I have gone through the Cake Bible and came across some info on cupcake by using the index at the back of the book. I saw where it was mentioned that 1/2 of recipe of All Occasion Downy Yellow Butter cake makes 9 cupcakes. (so an entire recipe would yield 18 right?) My questions are numerous and I am looking for anyone who can give me hints, tips, and advice from experience. I am making these cupcakes for my sister’s best friend’s wedding so it’s very important to me that they look and taste fabulous!
What I do know (which is limited) is that I can use the All Occasion Downy Yellow Butter; and I think I can use the Perfect All-American Chocolate Butter Cake. Are there any other cakes in the Cake Bible that can be used to make cupcakes? Is there anything specific that I should know about using these recipes to make cupcakes? (amount of batter per cupcake etc; doubling recipes a good idea?; do I need to consider the amount of baking poweder used for cupcakes? (ie the Rose factor) etc…)
As well I would appreciate any suggestions for icing options. The plan is to have chocolate icing and would prefer that the color be on the darker side. I have looked at the various recipes for butter creams and ganaches but am unsure which route to take. Ideally the cupcakes will be piped to give a swirl effect (and there will be a small 6” cake to top the cupcake stand) so I’m looking for an icing that will keep its shape.

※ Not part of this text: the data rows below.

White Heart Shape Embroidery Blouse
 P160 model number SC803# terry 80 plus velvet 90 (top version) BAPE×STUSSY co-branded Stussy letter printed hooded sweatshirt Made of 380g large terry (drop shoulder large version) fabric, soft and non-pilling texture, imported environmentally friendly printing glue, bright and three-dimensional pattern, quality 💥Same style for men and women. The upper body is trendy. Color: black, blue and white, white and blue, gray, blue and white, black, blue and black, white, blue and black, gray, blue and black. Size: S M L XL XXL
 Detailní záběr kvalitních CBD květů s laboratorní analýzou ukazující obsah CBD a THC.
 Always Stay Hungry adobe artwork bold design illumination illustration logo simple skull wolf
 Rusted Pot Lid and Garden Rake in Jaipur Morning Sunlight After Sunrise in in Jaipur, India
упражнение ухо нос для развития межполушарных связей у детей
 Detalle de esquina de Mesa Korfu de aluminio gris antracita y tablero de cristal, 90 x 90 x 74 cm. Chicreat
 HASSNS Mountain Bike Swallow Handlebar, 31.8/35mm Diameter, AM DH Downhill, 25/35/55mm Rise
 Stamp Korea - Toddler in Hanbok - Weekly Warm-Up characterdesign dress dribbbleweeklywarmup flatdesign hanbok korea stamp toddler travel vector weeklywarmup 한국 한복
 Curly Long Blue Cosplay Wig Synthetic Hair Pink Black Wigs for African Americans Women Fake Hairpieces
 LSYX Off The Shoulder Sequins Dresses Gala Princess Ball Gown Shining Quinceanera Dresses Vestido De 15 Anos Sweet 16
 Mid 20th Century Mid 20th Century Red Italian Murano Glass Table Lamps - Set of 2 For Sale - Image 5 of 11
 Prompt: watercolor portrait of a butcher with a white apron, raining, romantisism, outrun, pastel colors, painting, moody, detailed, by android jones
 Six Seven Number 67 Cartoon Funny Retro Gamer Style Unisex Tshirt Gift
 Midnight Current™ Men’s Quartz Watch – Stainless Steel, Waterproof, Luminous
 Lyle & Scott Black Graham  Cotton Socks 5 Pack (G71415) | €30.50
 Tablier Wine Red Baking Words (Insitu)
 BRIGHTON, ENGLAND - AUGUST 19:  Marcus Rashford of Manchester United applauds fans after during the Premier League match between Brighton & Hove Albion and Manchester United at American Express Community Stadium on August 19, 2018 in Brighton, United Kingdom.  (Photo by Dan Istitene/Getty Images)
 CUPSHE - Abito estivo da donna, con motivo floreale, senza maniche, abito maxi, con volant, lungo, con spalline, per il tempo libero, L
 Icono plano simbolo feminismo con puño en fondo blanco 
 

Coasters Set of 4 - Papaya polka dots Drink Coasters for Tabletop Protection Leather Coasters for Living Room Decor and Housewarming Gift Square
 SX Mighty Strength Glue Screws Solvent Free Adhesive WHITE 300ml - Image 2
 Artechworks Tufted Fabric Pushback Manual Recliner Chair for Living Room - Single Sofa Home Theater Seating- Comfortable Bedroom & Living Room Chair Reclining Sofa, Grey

I’m very nervous to do a good job since the wedding is for someone special. I do have a moderate amount of baking knowledge (even though it might not seem like it from all these question; I just want to make sure I have all my bases covered). I have successfully make wedding cakes in the past; the most recent a 5 tiered monster that turned out almost perfectly! (I can figure out the Rose factor).
Thanks in advance to anyone who can offer some advice…I really appreciate it!